* [Records shown]
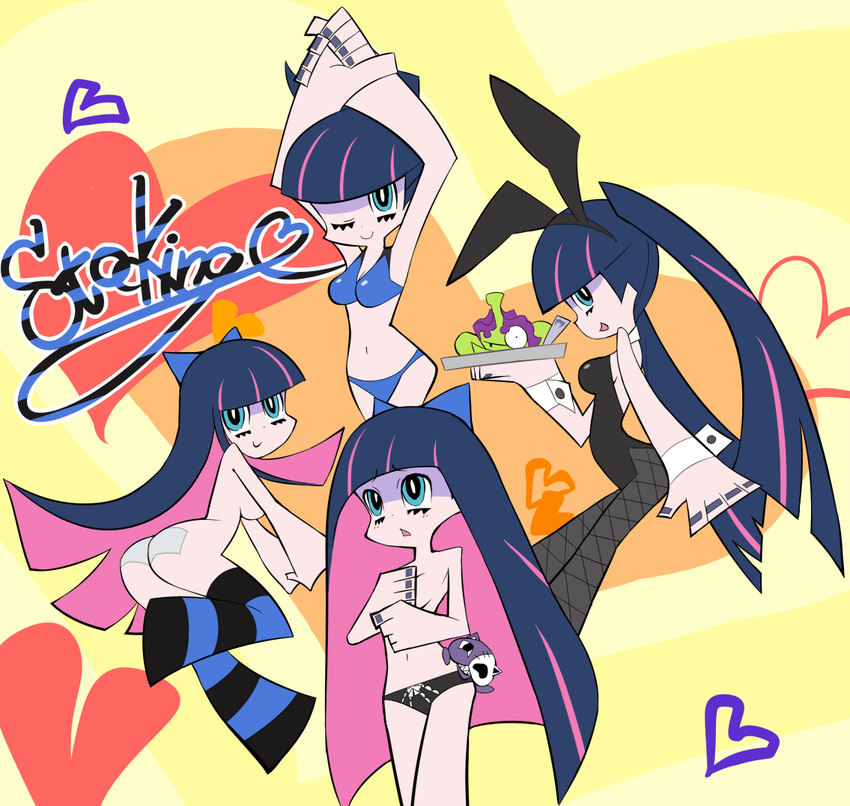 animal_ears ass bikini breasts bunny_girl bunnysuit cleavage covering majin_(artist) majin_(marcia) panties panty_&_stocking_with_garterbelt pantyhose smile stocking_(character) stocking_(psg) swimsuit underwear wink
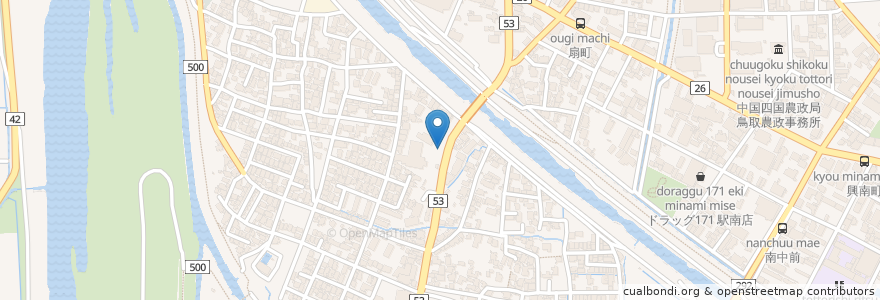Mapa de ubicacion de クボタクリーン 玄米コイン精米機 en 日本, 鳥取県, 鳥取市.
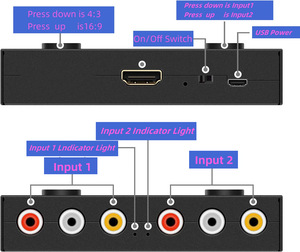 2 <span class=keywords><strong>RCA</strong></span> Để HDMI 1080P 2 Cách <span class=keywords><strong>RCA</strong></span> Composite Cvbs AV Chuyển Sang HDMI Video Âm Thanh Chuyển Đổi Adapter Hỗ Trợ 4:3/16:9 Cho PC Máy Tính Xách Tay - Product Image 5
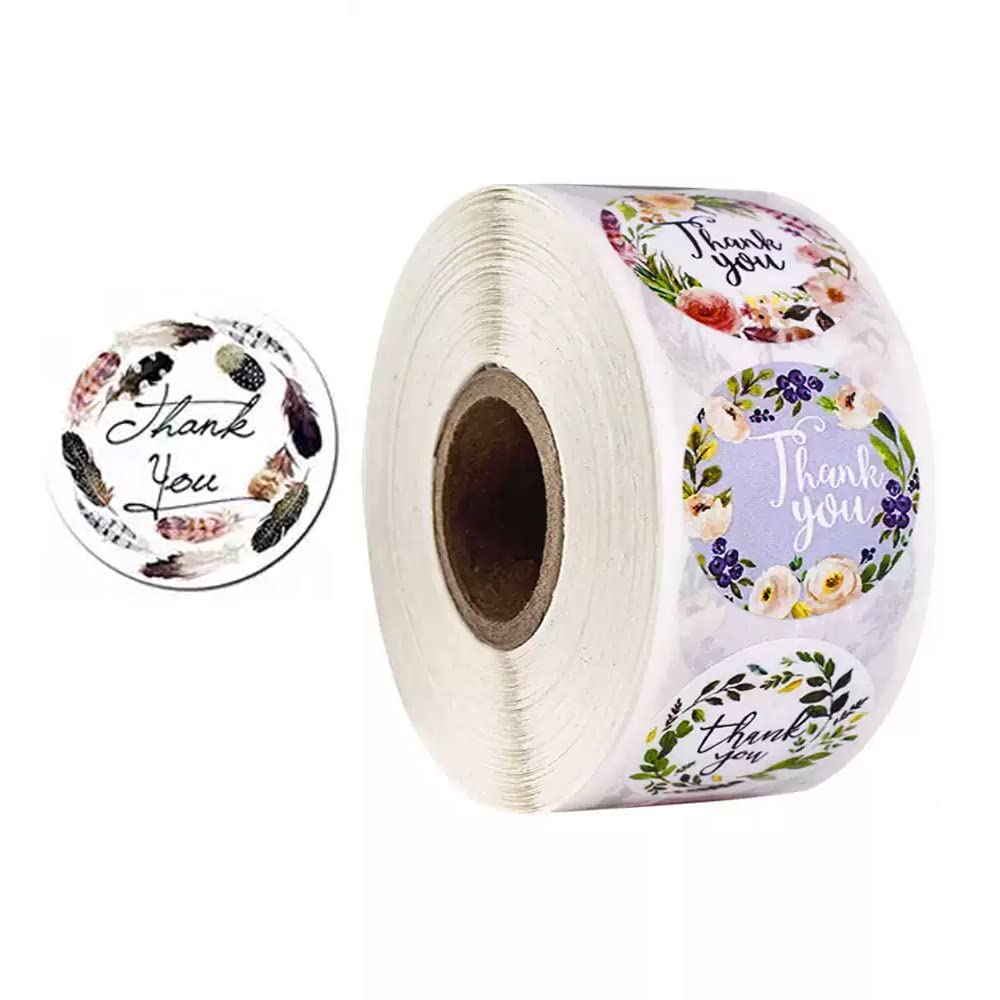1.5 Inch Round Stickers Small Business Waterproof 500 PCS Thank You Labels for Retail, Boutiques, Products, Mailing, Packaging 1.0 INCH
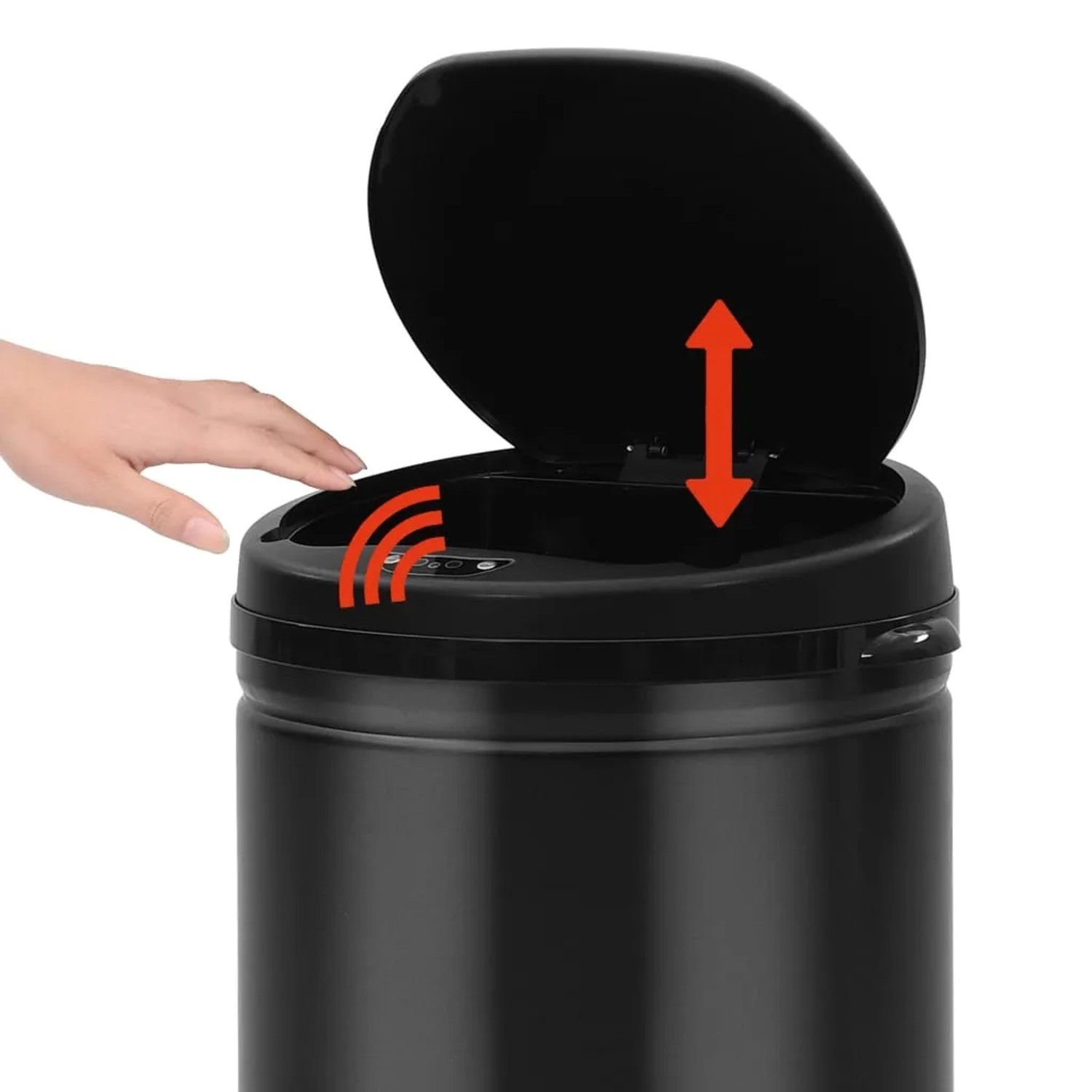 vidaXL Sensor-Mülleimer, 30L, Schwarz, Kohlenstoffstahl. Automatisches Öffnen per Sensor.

* [Directions] Retype each record exactly as it stands, but do not include the pictures.

* [Answer space]
 animal_ears ass bikini breasts bunny_girl bunnysuit cleavage covering majin_(artist) majin_(marcia) panties panty_&_stocking_with_garterbelt pantyhose smile stocking_(character) stocking_(psg) swimsuit underwear wink
Mapa de ubicacion de クボタクリーン 玄米コイン精米機 en 日本, 鳥取県, 鳥取市.
 2 <span class=keywords><strong>RCA</strong></span> Để HDMI 1080P 2 Cách <span class=keywords><strong>RCA</strong></span> Composite Cvbs AV Chuyển Sang HDMI Video Âm Thanh Chuyển Đổi Adapter Hỗ Trợ 4:3/16:9 Cho PC Máy Tính Xách Tay - Product Image 5
1.5 Inch Round Stickers Small Business Waterproof 500 PCS Thank You Labels for Retail, Boutiques, Products, Mailing, Packaging 1.0 INCH
 vidaXL Sensor-Mülleimer, 30L, Schwarz, Kohlenstoffstahl. Automatisches Öffnen per Sensor.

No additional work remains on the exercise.